(TASK REQUIREMENTS) Drop every picture, then print the rest of the listing exactly as given.

(DATA)
== Segment start ==

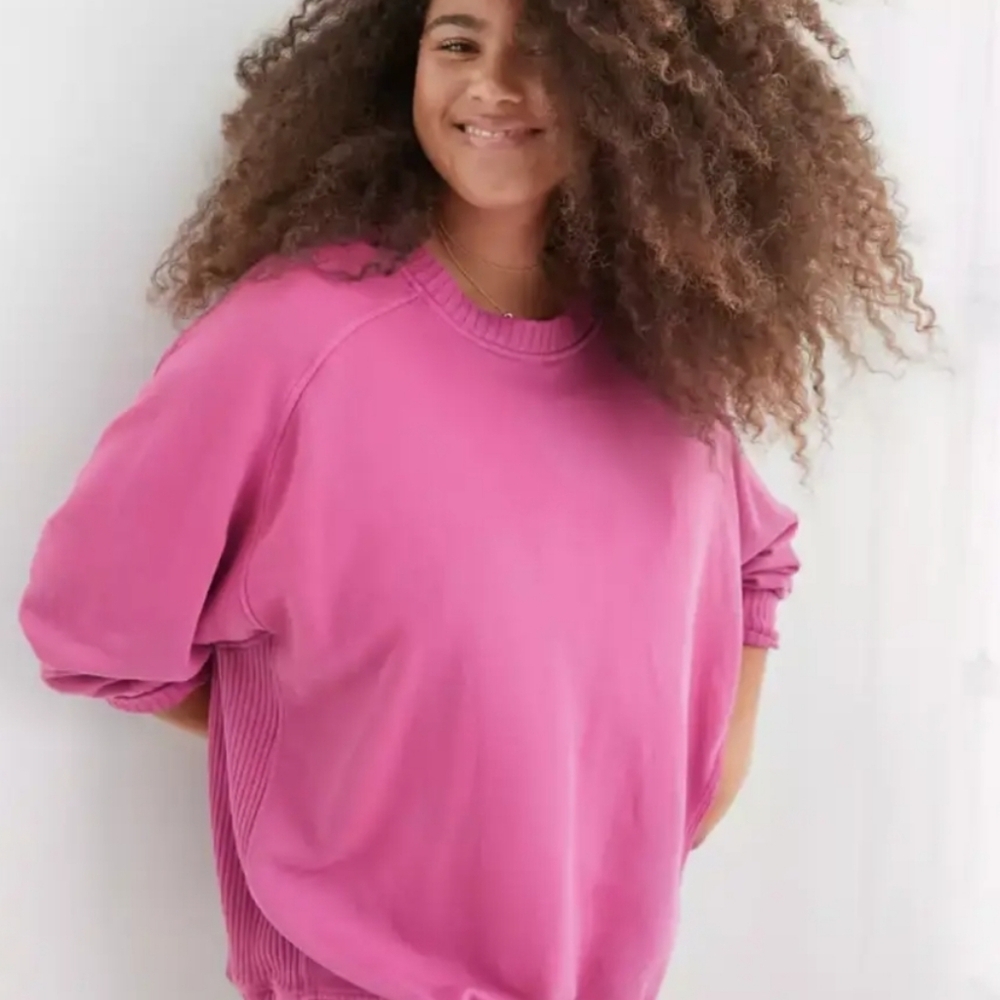 Aerie Down To Earth Crewneck Sweatshirt Pink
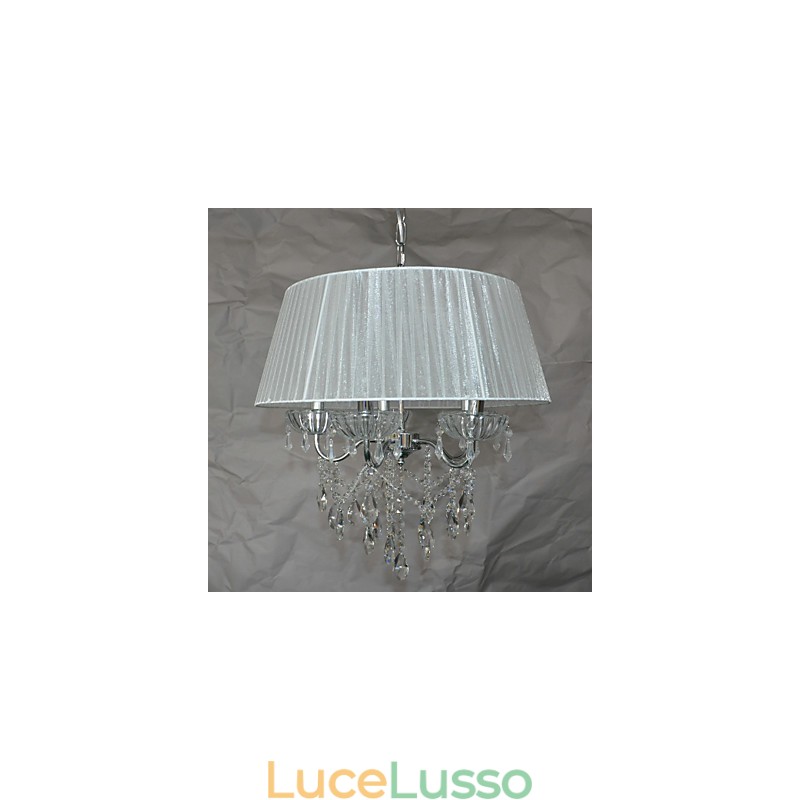 Delicato modello di sospensione chic a 5 luci con fiori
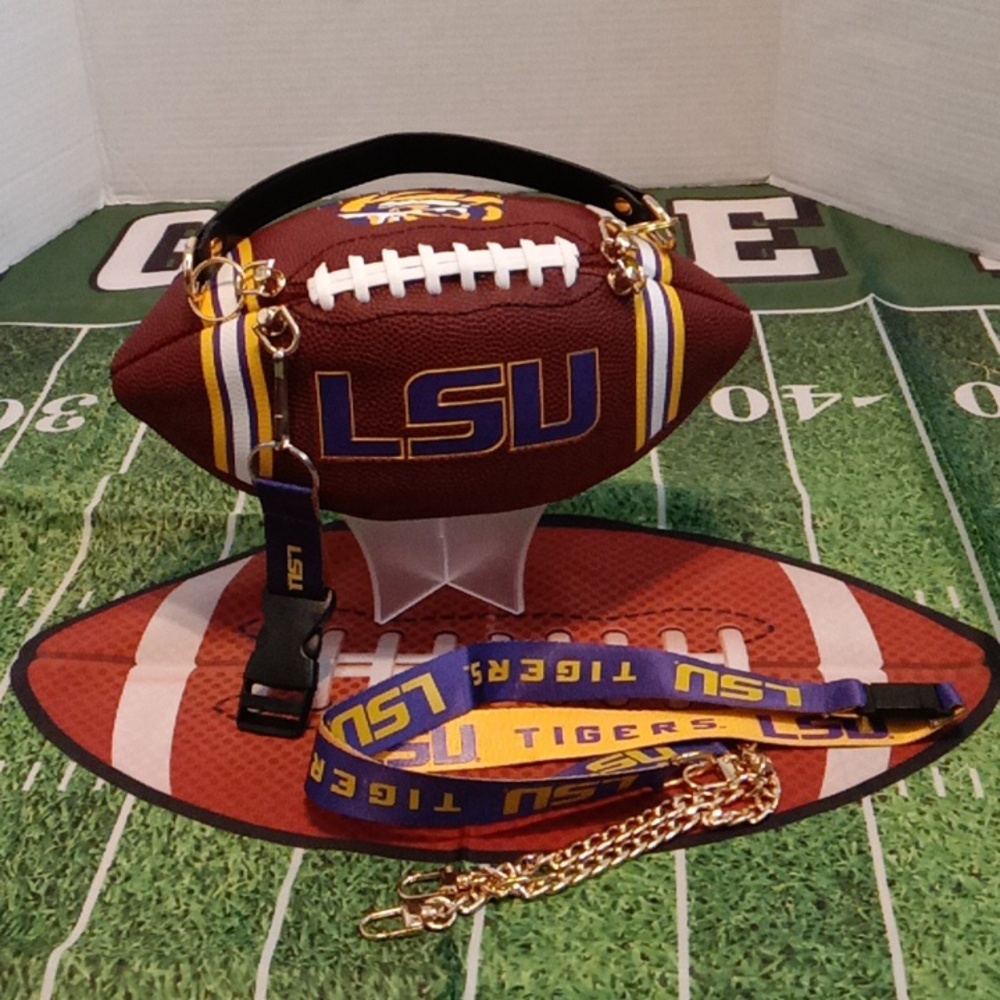LIMITED EDITION HANDMADE Football Purse NCAA COLLEGE (LSU TIGERS) 🏈 - Picture 8 of 17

== Segment end ==

(EXPECTED ANSWER)
 Aerie Down To Earth Crewneck Sweatshirt Pink
 Delicato modello di sospensione chic a 5 luci con fiori
LIMITED EDITION HANDMADE Football Purse NCAA COLLEGE (LSU TIGERS) 🏈 - Picture 8 of 17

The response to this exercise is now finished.